Financement Banque mondiale pour améliorer la santé au Burkina Faso

Financement Banque mondiale pour améliorer la santé au Burkina Faso

La Banque mondiale injecte 142 millions d’euros pour transformer la santé au Burkina Faso

Le Burkina Faso bénéficie d’un soutien financier majeur de la part de la Banque mondiale et du Mécanisme de Financement Mondial (GFF). Un crédit de 142 millions d’euros, soit l’équivalent de 150 millions de dollars, a été accordé par l’Association internationale de développement (IDA). Par ailleurs, un don supplémentaire de 17 millions de dollars a été octroyé par le GFF dans le cadre du Projet de renforcement de la performance et de la résilience du système de santé (PRPRSS).

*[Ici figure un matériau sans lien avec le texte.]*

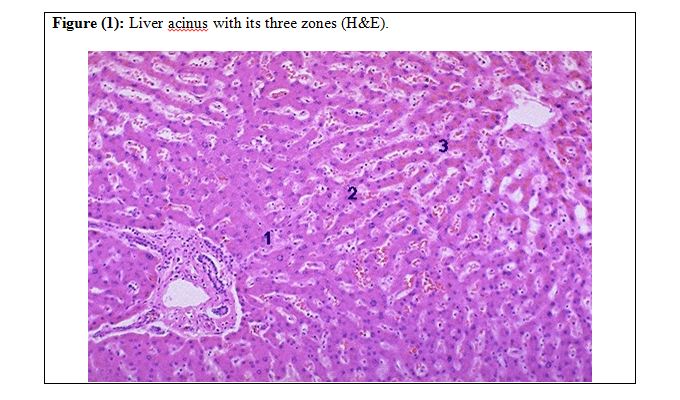 Stromal invasion and differential diagnosis between high grade dysplastic nodule and early hepatocellular carcinoma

Un projet axé sur les populations les plus vulnérables

Ce programme ambitieux vise à renforcer la santé des adolescents, des femmes et des enfants de moins de cinq ans, trois groupes particulièrement exposés aux risques sanitaires. Il s’étendra sur l’ensemble du territoire burkinabè, avec une attention particulière portée aux personnes déplacées internes et aux communautés vivant dans des zones reculées, où l’accès aux soins reste limité.

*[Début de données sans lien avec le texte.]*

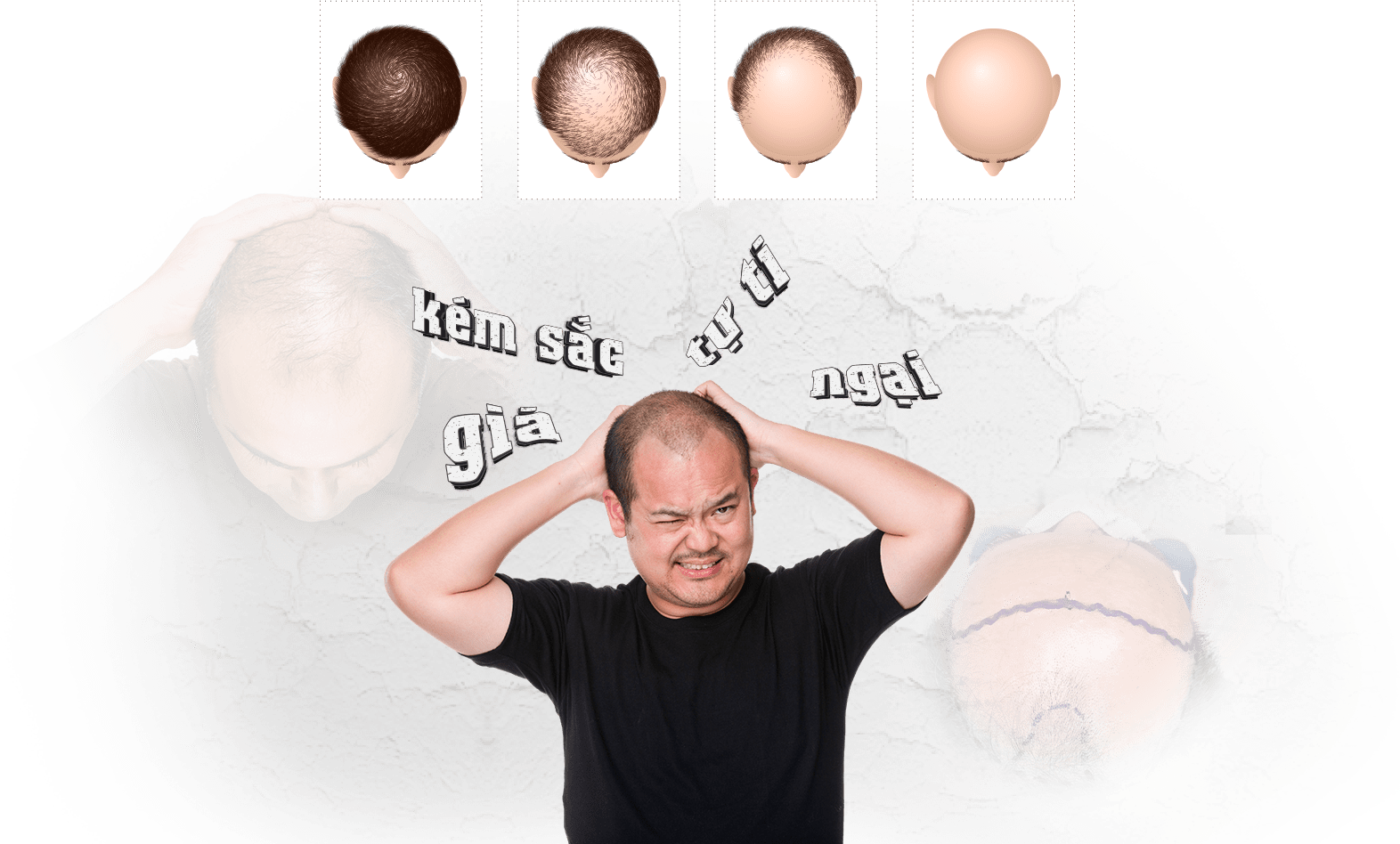 cấy ghép tóc y học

Des objectifs clairs pour un système de santé plus résilient

Le PRPRSS s’inscrit dans une démarche globale visant à :

  • Améliorer la surveillance des maladies pour une détection précoce et une réponse efficace ;
  • Optimiser l’utilisation des services de santé et de nutrition ;
  • Renforcer la résilience du système de santé face aux crises ;
  • Garantir un accès équitable aux soins, notamment dans les régions fragiles.

Un alignement stratégique avec les priorités nationales

Ce financement s’aligne sur la stratégie Afrique de l’Ouest et du Centre de la Banque mondiale, qui met l’accent sur le renforcement des institutions publiques pour une meilleure prestation des services sociaux. Il complète également le Projet de protection du capital humain, déjà en cours, qui bénéficie d’un budget de 100,4 millions de dollars pour améliorer les services sociaux de base.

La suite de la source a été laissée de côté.